It would behoove me to introduce myself and all that I’ve been through. I love it when other people do that because it makes me feel more connected to them but, “if you want to know the truth”, I’m so tired of telling people over and over again about my struggles. I think this is because the people I tell are doctors and nurses and bosses and co-workers and people who don’t know what it’s like or don’t really care. They’re people who want me in and out of their offices so they can treat more interesting patients. They’re people who want me to find a substitute because I can’t make it into work today on account of all the vomiting. They’re people who just want to know if they should buy me a damn concert ticket or am I going to cancel at the last minute “like I always do”? So why am I starting a blog if I don’t want to tell my story? Because I have to. We all do, if we ever have any hope of migraines being recognized as a disease and not just a headache. We have to bombard everyone with all the nitty gritty details so that they understand what it’s like to be us so that maybe, by the time our children or grandchildren enter the world, migraines will be a thing of the past. Or at least well-controlled. So this is the story of how migraines became so personal to me that they became mygraines.

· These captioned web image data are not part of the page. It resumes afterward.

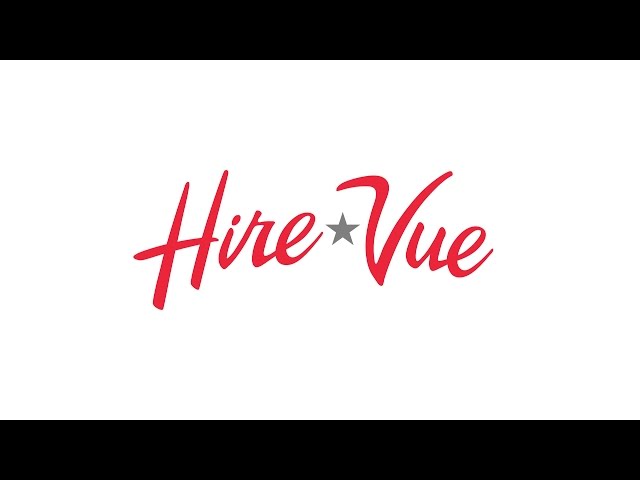 HireVue - How it Works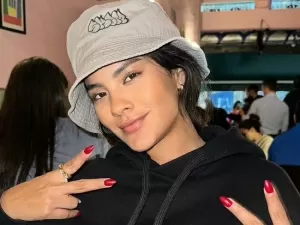 Atriz Bella Campos desmente boatos de namoro com rapper BK': 'Sem paciência'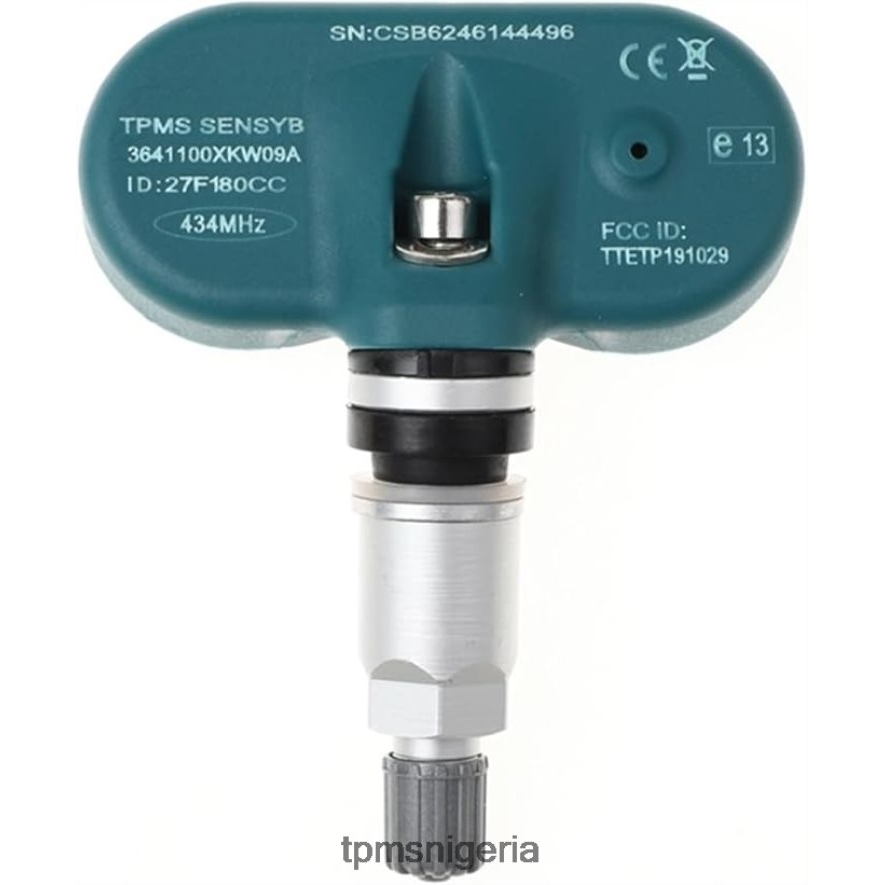 TPMS Sensor Reset | 4PJL6L1693 TPMS Haval/GWM The Pressure Sensor 3641100XKW09A 433MHZ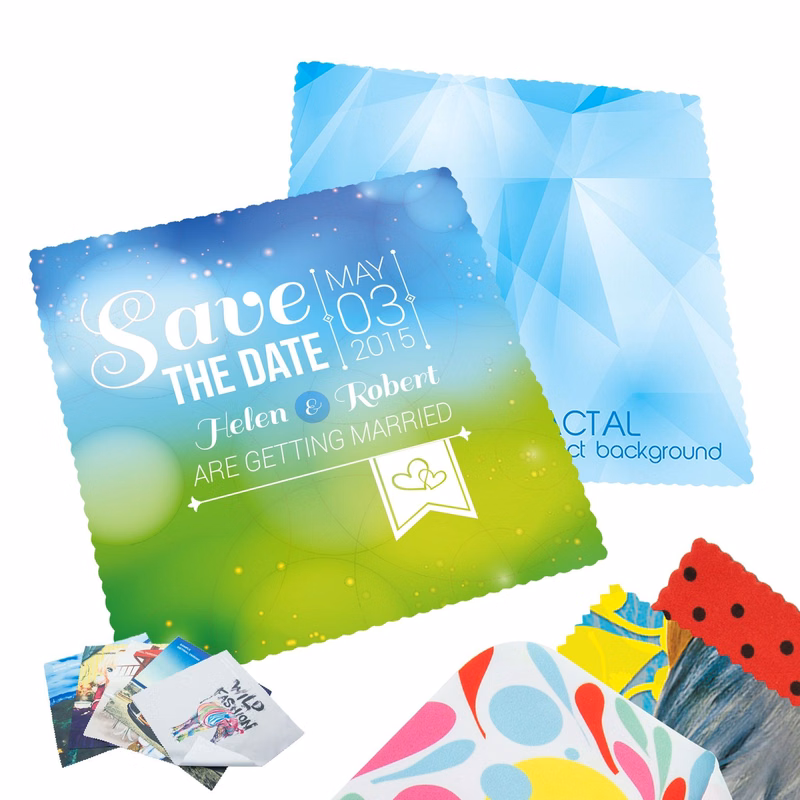 Deluxe Microfiber Cloths - 8x12 inch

I was nineteen years old, enjoying the last few days of August before I’d move into the dorms and begin my sophomore year of college. I had a job teaching preschool which I adored, an impeccable attendance record, friends and family, and was settling into the idea of getting my degree in Psychology. Except for the occasional stomach bug or case of Strep throat (which are hard to avoid when you spend 8 hours a day with kids under the age of 5), I was pretty healthy. I had gotten a physical recently, complete with the meningitis vaccine required by my college if I wanted to live in the dormitories. Life was pretty good. Then, out of absolutely nowhere, my life took such a sudden and unexpected plot twist that I would’ve been asked to rewrite it had I had control over the story.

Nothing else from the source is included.